Willem Jan Otten (born 4 October 1951) is a Dutch prose writer, playwright and poet, who in 2014 won the P. C. Hooft Award for lifetime literary achievement.

Biography
Otten was born in Amsterdam as the son of the musicians Marijke Ferguson and Kees Otten. He spent his youth in the Rivierenbuurt in Amsterdam and in Laren.
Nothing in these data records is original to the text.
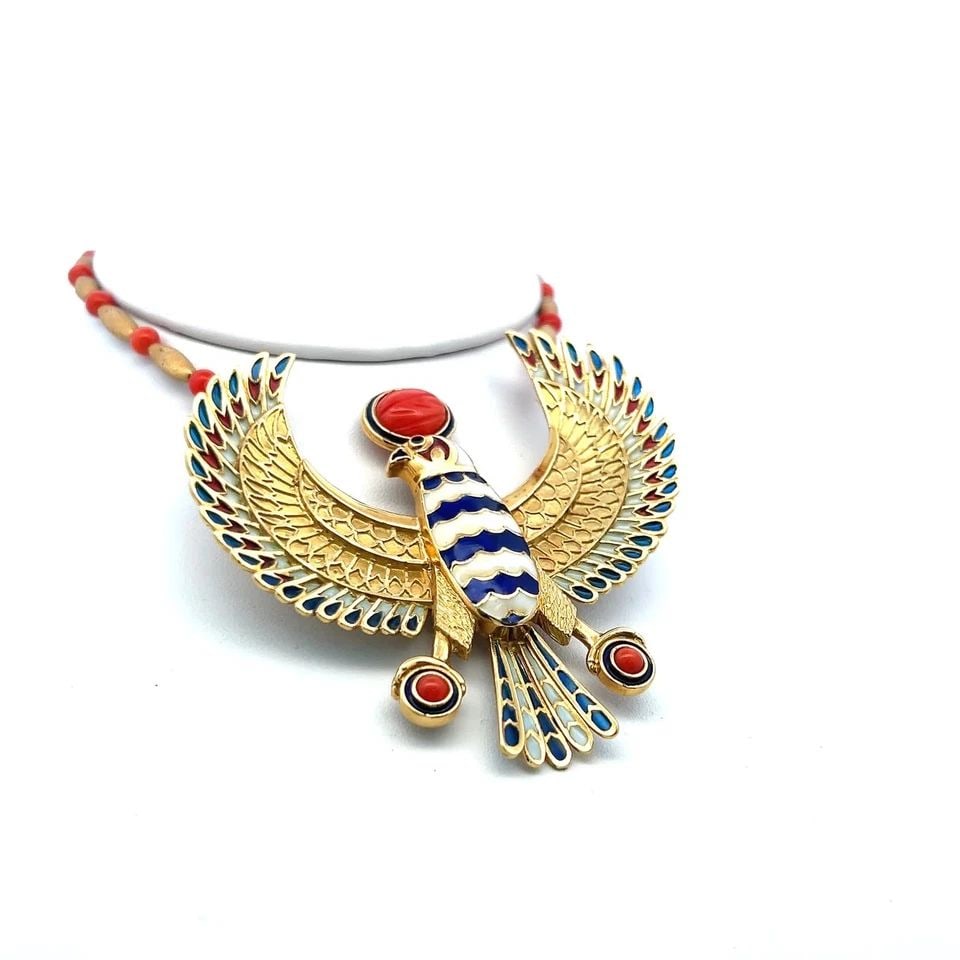 VINTAGE 59.20 GRAMS ENAMEL 18 KARAT YELLOW GOLD PENDANT NECKLACE PIN BROOCH (1 of 2)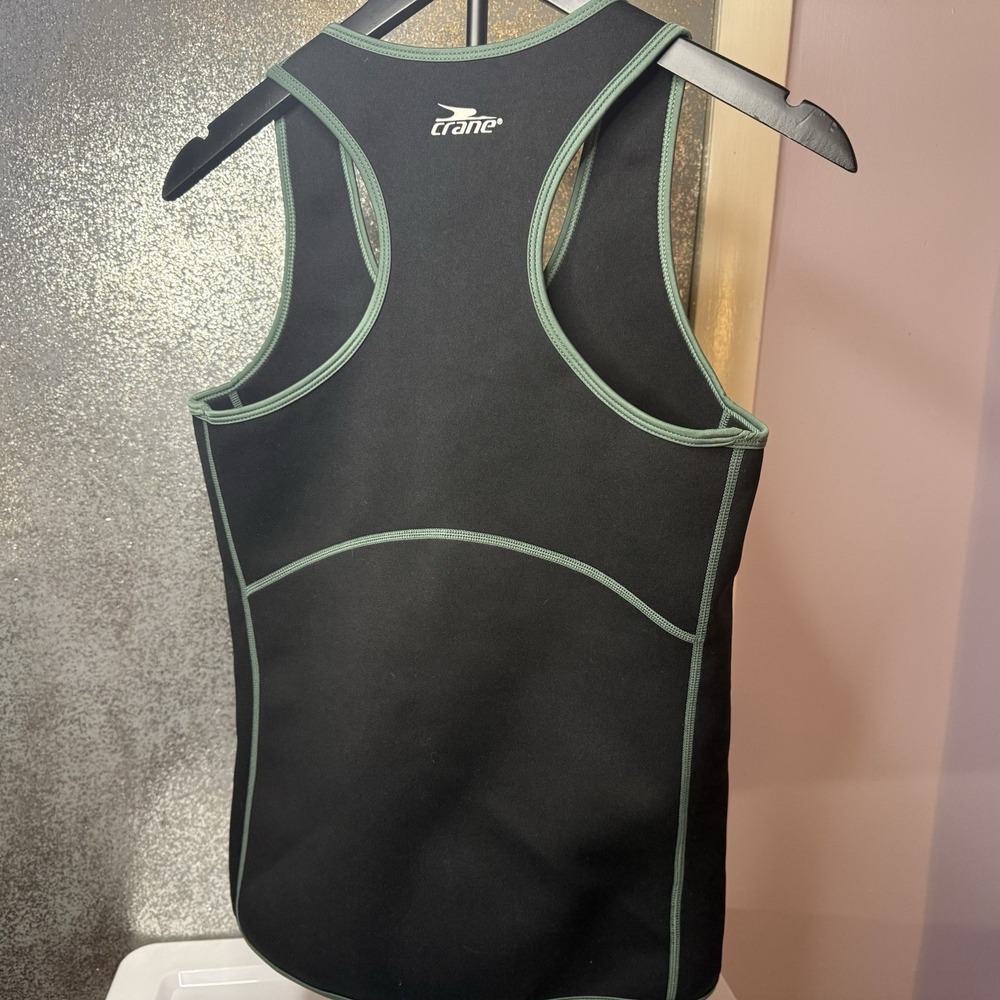 Crane Women’s XL Black Green Zip Sauna Sweat Suit Vest Activewear Fitness Gym - Picture 5 of 7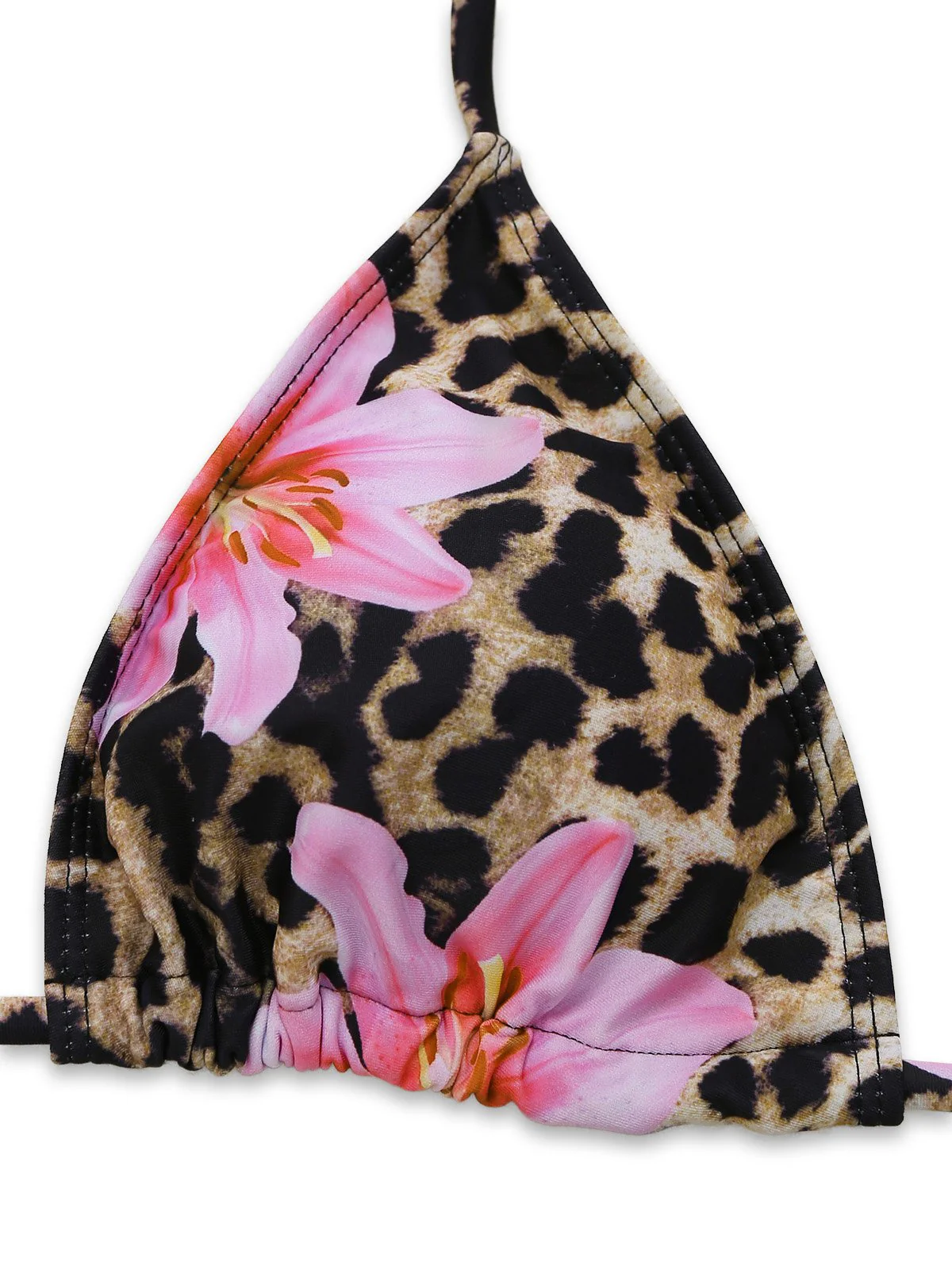 3PCS 1960er Leopard Druck Blumen Bikini Set & Cover Up - Image 5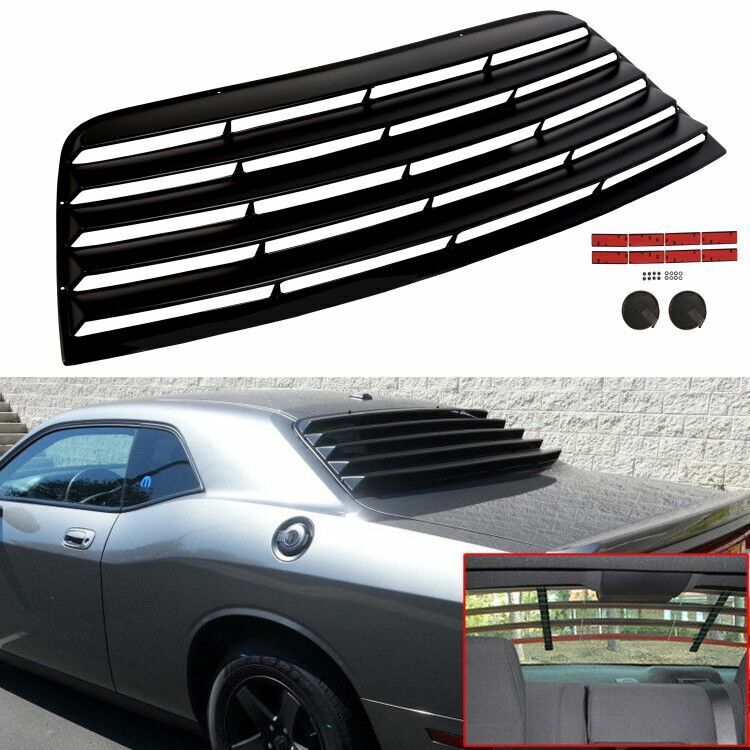 Fits 08-21 Dodge Challenger Rear Window Scoop Louver Sun Shade Cover Vent Black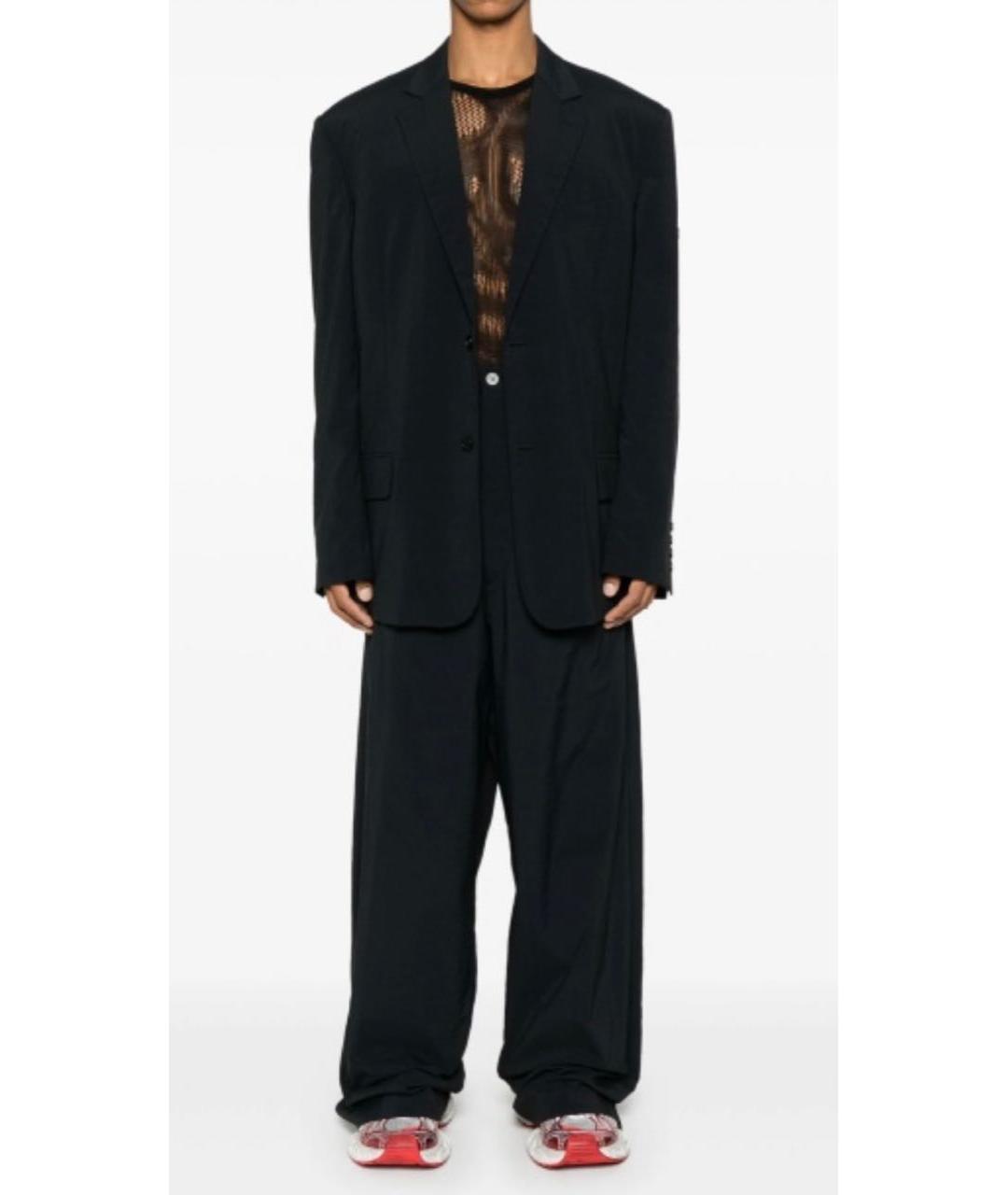 BALENCIAGA Черные вискозные повседневные брюки, фото 2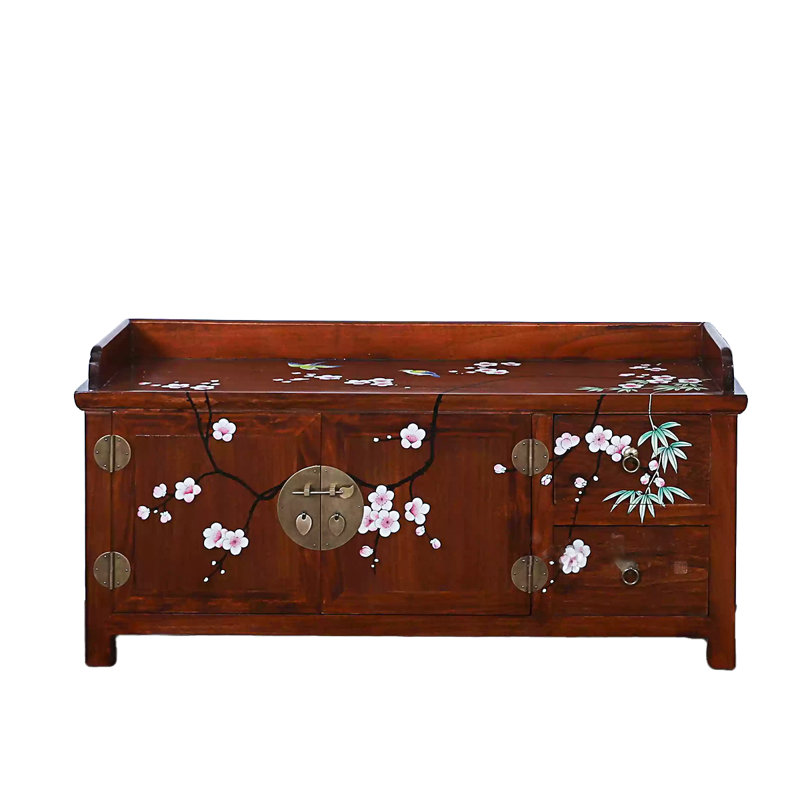 Solid Wood Traditional Hand-Painted Copper Lock Shoe Storage Bench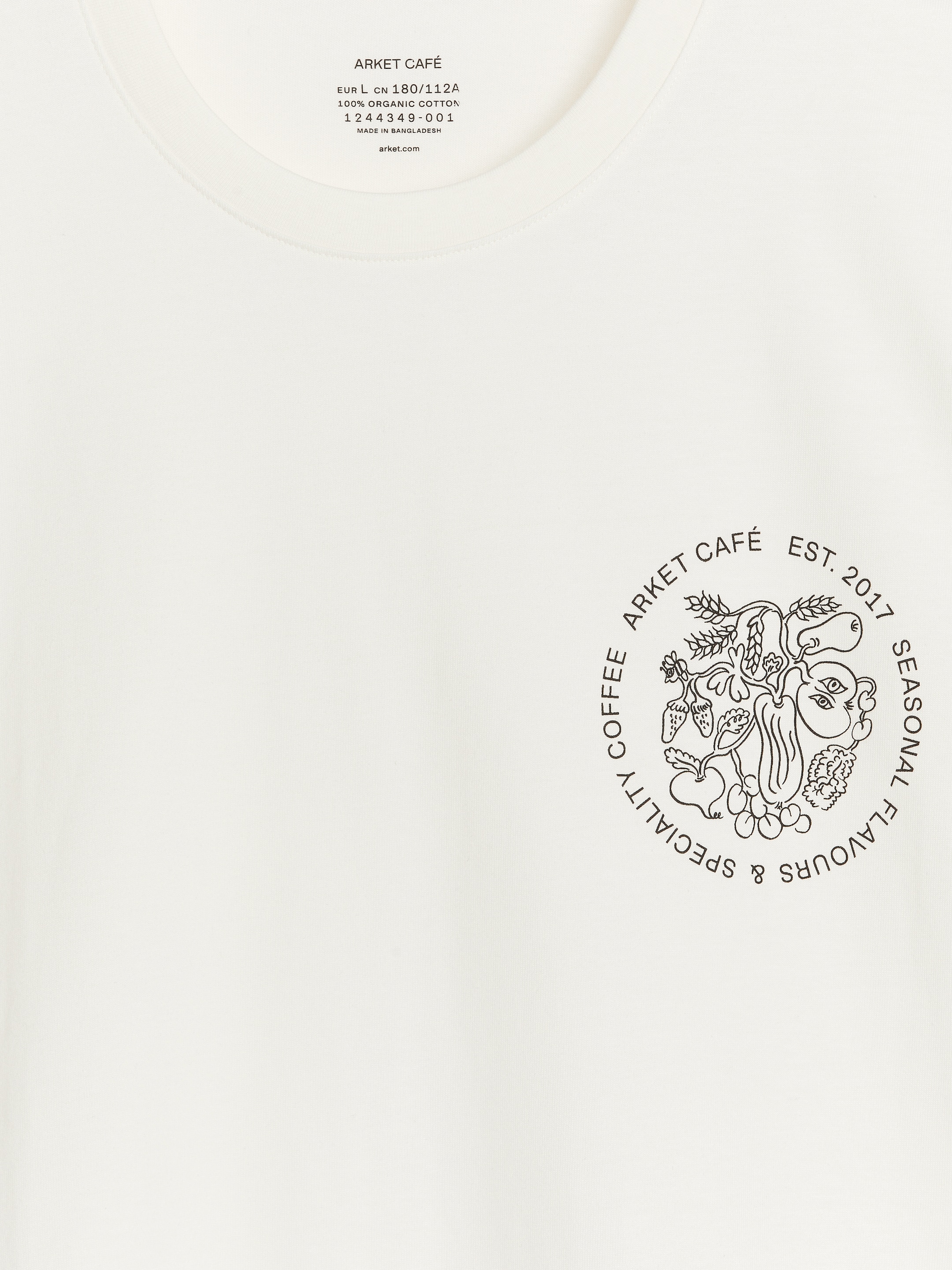 ARKET CAFÉ Printed T-Shirt - Off White/Black - Loose fit - Café - StillMedia/DescriptiveDetail - 1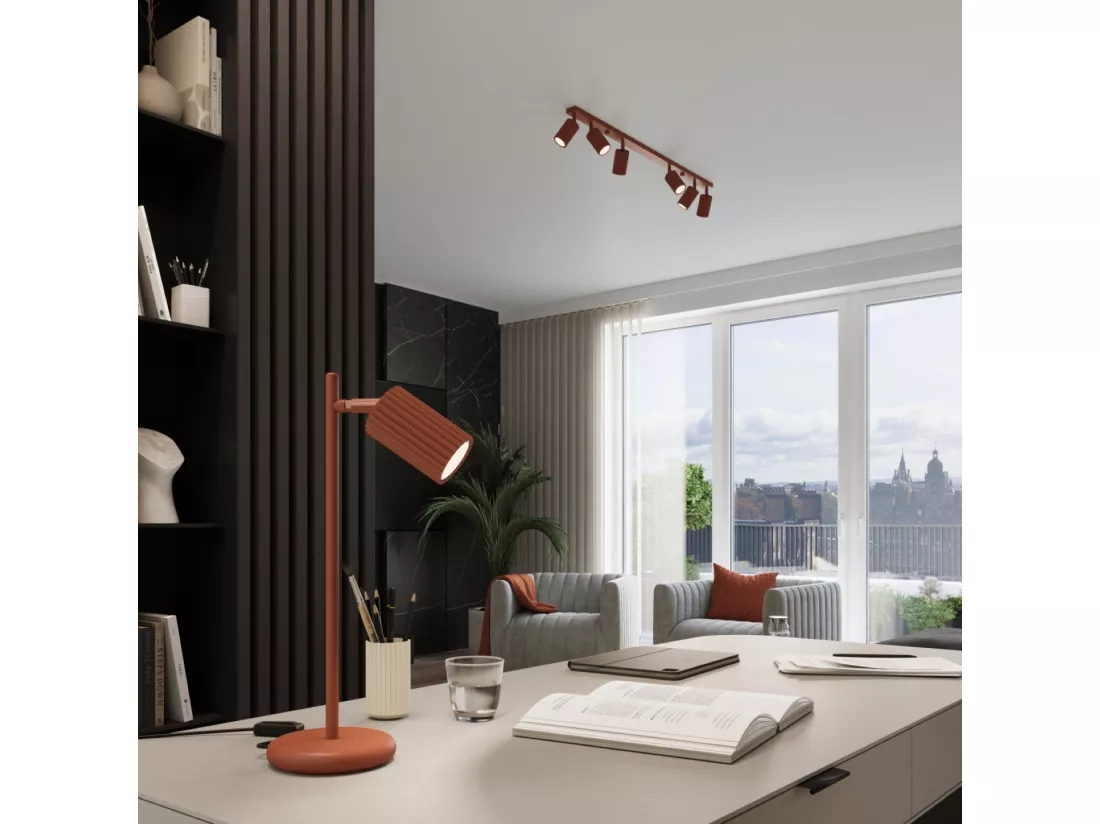 Lampe de bureau Karbon minimaliste en aluminium - 1 sources lumineuses - L.14,5 x H.43 cm - ocre rouge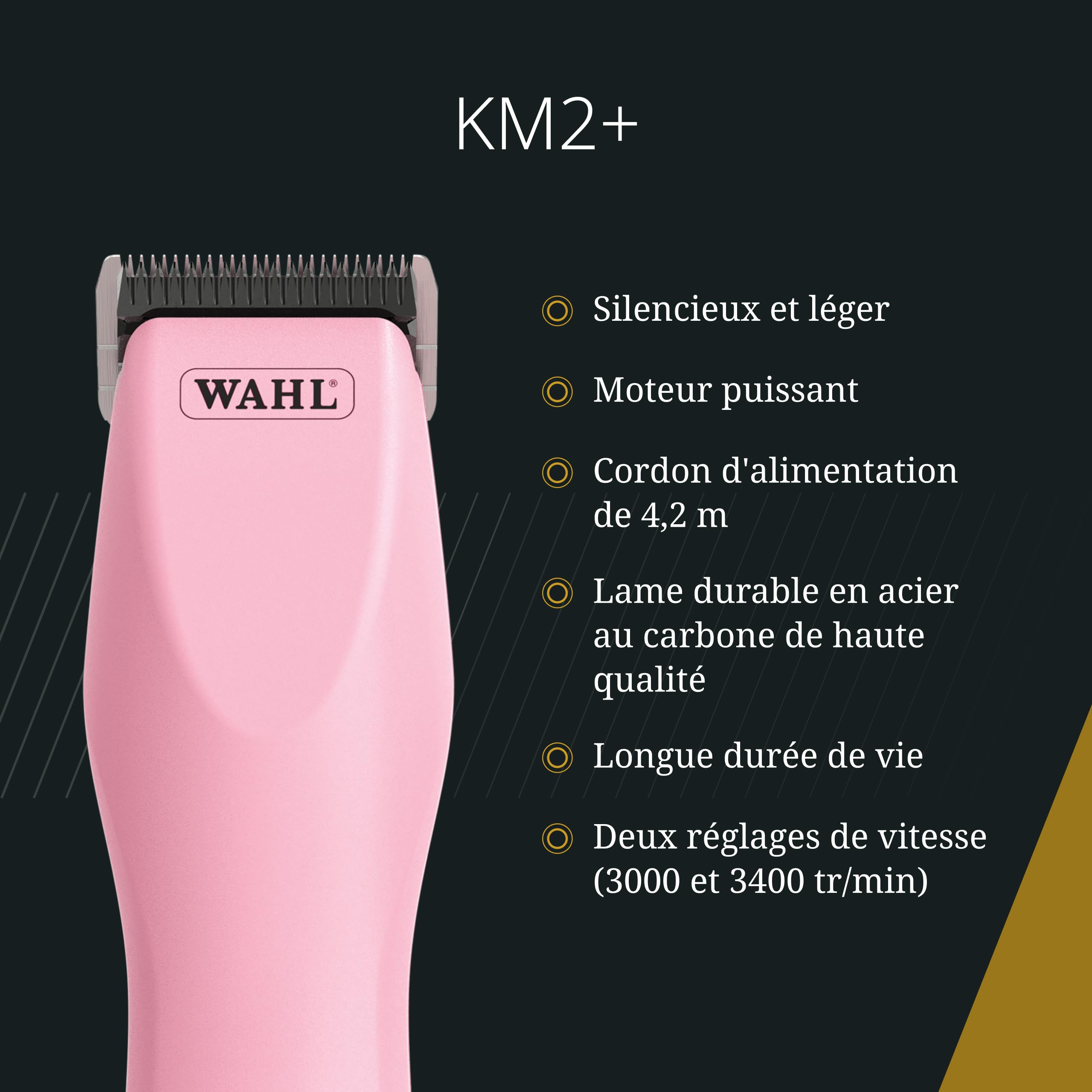 Wahl KM2+, Tondeuse Filaire pour Animaux, Légère, Rose | Tondeuse Filaire pour Animaux, Lame Prime #10 en Acier Trempé, 2 Vitesses 3000 et 3400 tr/min, Câble 4,2 m, Silencieuse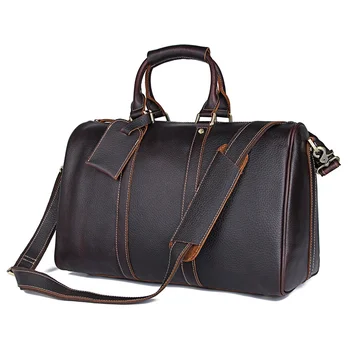 

High Quality Genuine Leather Travel Bag for Men Unique Tote Luggage Duffle Bags Large Weekend Bag 7077Q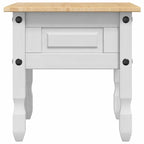 Tavrisco - Sidobord med låda med lagring Vit 50 x 50 x 50 cm Massiv furu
He grew up in an atmosphere of moral libertinism. His nonfiction is in part a reflection upon that atmosphere and a polemic with the philosophy behind that atmosphere. He published his first book of poetry in 1973. He has published essays and fiction about euthanasia and played a role in the euthanasia debate in the Netherlands by criticizing the arguments in favour of euthanasia and the freedom of choice in matters of one's own life and death.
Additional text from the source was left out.